The authors declare no competing interests.

Figures

Figure 1:
Figure 1:
Overview of scVI. Given a gene-expression matrix with batch annotations as input, scVI learns a non-linear embedding of the cells that can be used for multiple analysis tasks. (a) The computational trees (neural networks) used to compute the embedding as well as the distribution of gene expression. (b) Comparison of running times (y-axis) on the BRAIN-LARGE data with a limited set of 720 genes, and with increasing input sizes (x-axis; cells in each input set are sampled randomly from the complete dataset). All the algorithms were tested on a machine with one eight-core Intel i7–6820HQ CPU addressing 32 GB RAM, and one NVIDIA Tesla K80 (GK210GL) GPU addressing 24 GB RAM. scVI is compared against existing methods for dimensionality reduction in the scRNA-seq literature. As a control, we also add basic matrix factorization with factor analysis (FA). For the one-million-cell dataset only, we report the result of scVI with and without early stopping (ES).
Figure 2:
Figure 2:
Biological signal retained by the latent space of scVI. scVI is applied to three datasets (from right to left: CORTEX n = 3,005 cells, HEMATO n = 4,016 cells and RETINA n = 27,499 cells). For CORTEX and HEMATO, we compare scVI with SIMLR and show a distance matrix in the latent space, as well as a two-dimensional embedding of the cells. Distance matrices: the scales are in relative units from low to high similarity (over the range of values in the entire matrix). Cells in the matrices are grouped by their pre-annotated labels, provided by the original studies (for the CORTEX dataset, cell subsets were ordered using hierarchical clustering as in the original study). Embedding plots: each point represents a cell and the layout is determined either by tSNE for CORTEX or by a 5-nearest neighbors graph visualized using a Fruchterman-Reingold force-directed algorithm for HEMATO; see Supplementary Figure 10d for the original embedding for SIMLR. Color scheme in the embeddings is the same as in the distance matrices.
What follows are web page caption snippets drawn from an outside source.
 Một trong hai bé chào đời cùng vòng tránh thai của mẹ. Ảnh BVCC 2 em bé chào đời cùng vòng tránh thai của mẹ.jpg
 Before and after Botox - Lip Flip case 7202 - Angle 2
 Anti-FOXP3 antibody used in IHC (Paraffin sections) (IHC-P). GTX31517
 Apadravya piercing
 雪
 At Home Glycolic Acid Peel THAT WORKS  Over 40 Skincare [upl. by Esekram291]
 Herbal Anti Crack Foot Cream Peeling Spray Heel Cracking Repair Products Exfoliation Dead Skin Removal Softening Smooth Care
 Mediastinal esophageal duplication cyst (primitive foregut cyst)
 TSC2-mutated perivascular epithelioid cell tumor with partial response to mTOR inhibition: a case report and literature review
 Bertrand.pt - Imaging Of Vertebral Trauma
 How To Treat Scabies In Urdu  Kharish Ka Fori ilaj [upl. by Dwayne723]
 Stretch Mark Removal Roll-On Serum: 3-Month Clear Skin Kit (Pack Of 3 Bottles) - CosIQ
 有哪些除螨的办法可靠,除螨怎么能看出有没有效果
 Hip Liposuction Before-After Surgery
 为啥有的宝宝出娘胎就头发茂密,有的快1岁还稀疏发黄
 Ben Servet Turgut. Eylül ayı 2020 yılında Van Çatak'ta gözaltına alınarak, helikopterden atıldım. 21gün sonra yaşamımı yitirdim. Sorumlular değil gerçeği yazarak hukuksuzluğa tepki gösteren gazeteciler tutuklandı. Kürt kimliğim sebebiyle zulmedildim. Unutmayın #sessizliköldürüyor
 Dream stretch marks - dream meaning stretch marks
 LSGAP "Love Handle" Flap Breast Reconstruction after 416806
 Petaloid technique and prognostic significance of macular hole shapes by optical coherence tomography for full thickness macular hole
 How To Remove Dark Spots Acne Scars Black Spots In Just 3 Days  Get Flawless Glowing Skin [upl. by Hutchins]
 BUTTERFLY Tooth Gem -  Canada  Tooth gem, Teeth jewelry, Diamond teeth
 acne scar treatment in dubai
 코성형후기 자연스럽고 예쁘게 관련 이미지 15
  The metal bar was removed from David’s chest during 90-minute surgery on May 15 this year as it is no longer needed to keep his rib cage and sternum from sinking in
For the RETINA dataset, we compare scVI with MNNs followed by PCA. Embedding plots were generated by applying tSNE on the respective latent space. On the left, the cells are colored by batch. On the right, cells are colored by the annotation of subpopulations, provided in the original study [31].
Figure 3:
Figure 3:
Benchmark of differential expression analysis using the PBMC dataset (n = 12,039 cells), based on consistency with published bulk data. (a, b) Evaluation of consistency with the irreproducible discovery rate (IDR) [41] framework (blue) and using AUROC (green) is shown for comparisons of B cells vs Dendritic cells (a) and CD4 vs CD8 T cells (b). Error bars are obtained by sub-sampling a hundred cell from each clusters n = 20 times to show robustness. Box plots indicate the median (center lines), interquantile range (hinges) and 5–95th percentiles (whiskers). (c,d,e,f): correlation of significance levels of differential expression of B cells vs Dendritic cells, comparing bulk data and single cell. Points are individual genes (n = 3,346). Bayes factors or BH-corrected p-values on scRNA-seq data are presented on the x-axis; microarray-based BH-corrected p-values are depicted on the y-axis. Horizontal bars denote significance threshold of 0.05 for corrected p-values. Vertical bars denote significance threshold for the Bayes factor of scVI (c) or 0.05 for corrected p-values for DESeq2 (d), edgeR (e), and MAST (f). We also report the median mixture weight for reproducibility p (higher is better).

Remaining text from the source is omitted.